There are additional arguments you can use for large datasets:

{-a}: Optional flag for specifying server name where data is located
{data_server}: Valid server name string. Ex. “Rainier”, “Mariana”, “Rossby”, or “Cluster”
{-i}: Optional flag for specifying icon name instead of creating a map thumbnail of the data
{icon_filename}: Filename for icon in Github instead of creating a map thumbnail of data. Ex: argo_small.jpg
{-p}: Optional flag for defining process level
{process_level}: Default value is “rep”. Change to “nrt” for near-real-time datasets
{-F}: Optional flag for specifying a dataset has a valid depth column. Default value is 0
{-N}: Optional flag for specifying a ‘dataless’ ingestion or a metadata only ingestion

The {-a} flag can be used if the data is not present on all on-prem servers (Rainier, Rossby, and Mariana), and has to be used if the data is only on the cluster. It can also help speed up the calculation of stats when ingesting metadata to Mariana or Rainier, if you use Rossby as the data_server. Rossby is the fastest on-prem server.

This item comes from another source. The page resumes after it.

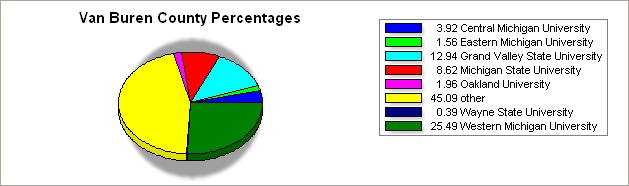 Van Buren county pie graph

The {-i} flag is used if you want to display a logo instead of creating a map of the data for the thumbnail on the catalog page. The icon_filename needs to include the file extension, and should reference a logo or icon already saved in /static/mission_icons

The {-F} flag is needed when adding metadata that doesn’t include the full dataset in the excel template. When ingesting a template with data in it, the ingestion code checks for the presence of a depth field automatically. The depth flag is needed for the viz page to know which chart types to display. If a large dataset has a “depth” field (which should only be named as such if there are no rows with missing depth values), include -F 1 in your ingestion command.

Metadata Updates

There are times when a dataset is already ingested, but updates to the metadata are needed. The -U argument will delete all metadata present for the dataset, but will retain the data table. The -F depth flag will need to be included if the dataset has depth. All flags related to a DOI will need to be included if the DOI link is not in the dataset_references column of the dataset_meta_data tab.